Suddenly, he stopped and stayed her in her tracks and she raised those sea-blue eyes to his and mirrored his gesture of catching her bottom lip between her teeth. Everything in her screamed to look away but she couldn’t find the strength, so she went on staring up at him, even as he reached out to collect her singular tear with the pad of his thumb. The gesture, simple and beautiful as it was, made her knees weak and knit her brow in a neat frown. A wave of weakness overtook her and she reached out to catch his shirt in her fist to steady herself, allowed herself to be swept up in his embrace. She wanted to remain this way forever, right here pressed desperately close to him so that her heart fluttered weakly in her chest and she was suddenly dizzy. It was impossible, she thought, for her to react this way to a stranger - under normal circumstances she never would have allowed him to walk her home, but the world had changed, and somehow it had changed everyone along with it.

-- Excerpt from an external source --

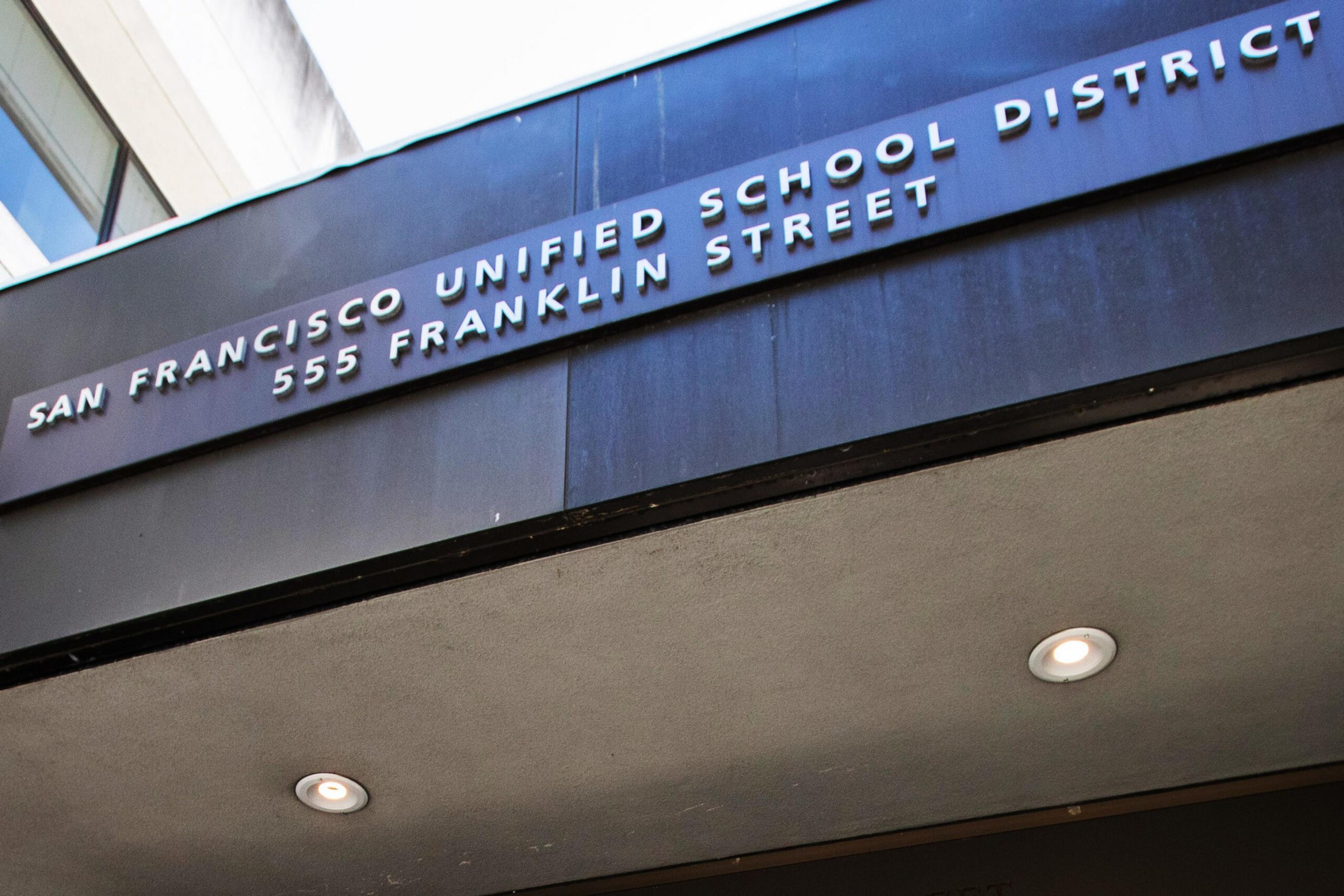 San Francisco Unified School District is displayed in raised white letters above the address 555 Franklin Street on a dark blue wall.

“Hatter,” she echoed in a weak whisper, though a simpering grin came shortly afterward and she tilted her head back to look up at him, “you don’t have to if you don’t want to,” she told him, a distant and fading light returning to her eyes as she did. And then she shrugged, a far-away sort of gesture and returned her eyes to the path they treaded. “My name is Alice Hamilton,” she told him, adding her surname only to entertain the girlish fantasy that maybe, when all was said and done, he might come back and look for her. She knew the harshness of oppression made people act foolishly, inspired people to do things they normally wouldn’t, and she didn’t doubt that was what was happening now. She had a sneaking suspicion that <i>Hatter</i>, under normal circumstances, wouldn’t have even offered to walk her home. She had a sneaking suspicion that he would not have been so tender because, faintly, she could sense the smell of a woman in the folds of his jacket and tucked discreetly into the fabric of his shirt. But she did not dwell on this because, in this moment, such things are trivial and unimportant.

“It’s dangerous here for you,” she says suddenly as if this had only just dawned on her and maybe it had. She stopped abruptly then and caught his arm in her fragile, forgiving grip. The feel of his taut flesh against her palm spread heat through her entire arm and she knew she should release him but she couldn’t find the strength. Instead, she focused on leveling those eyes with his, her gaze suddenly intense. “You should go,” she told him, though it was physically painful to have to do so, “I could never forgive myself if something happened to you only because of me.” And she was trying so hard to be the brave woman this world wanted her to be, instead of the reckless little girl that had walked through a looking glass one day and never left. The very same girl that had fallen into a storybook land only to realize that fairytales don’t last forever.